What you return must match the listing below exactly, minus any pictures.

**DATA SHOWN:**
------------------------------------
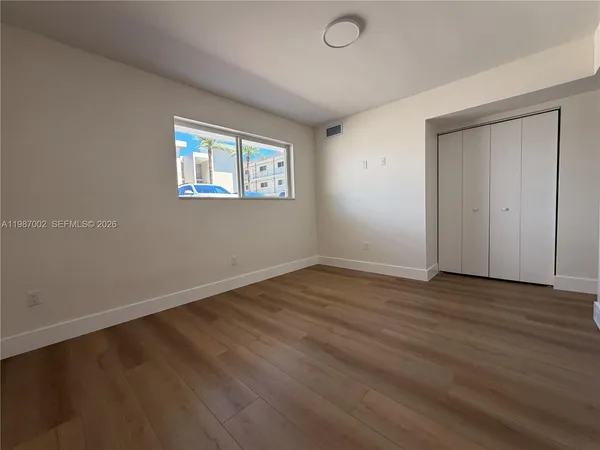 a view of living room with furniture and a large window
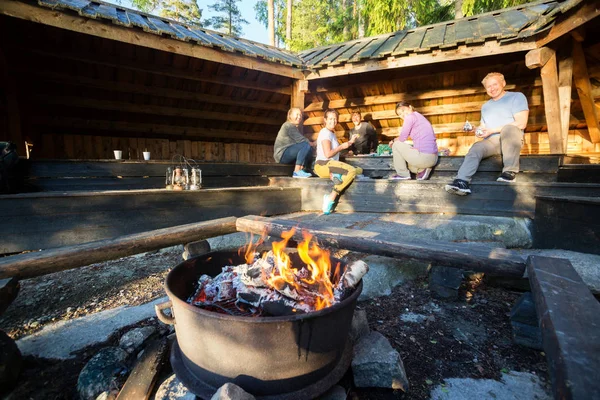 Burning Firepit con amigos preparando comida en cobertizo — Foto de Stock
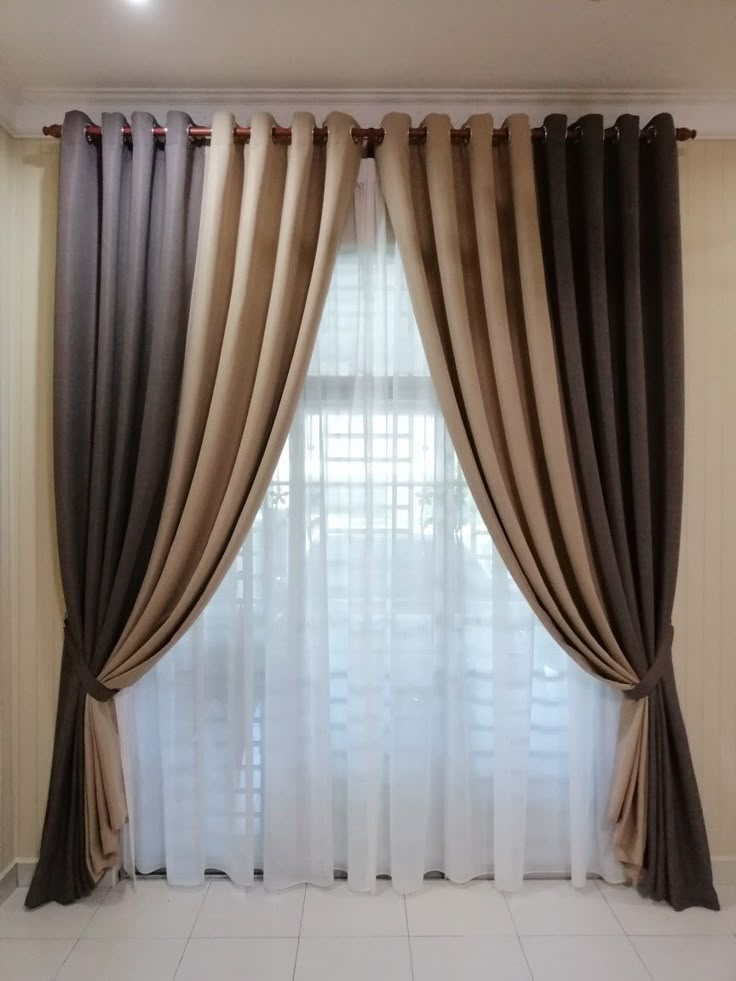 a living room with white tile flooring and curtains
------------------------------------
**EXERCISE SOLUTION:**
 a view of living room with furniture and a large window
 Burning Firepit con amigos preparando comida en cobertizo — Foto de Stock
 a living room with white tile flooring and curtains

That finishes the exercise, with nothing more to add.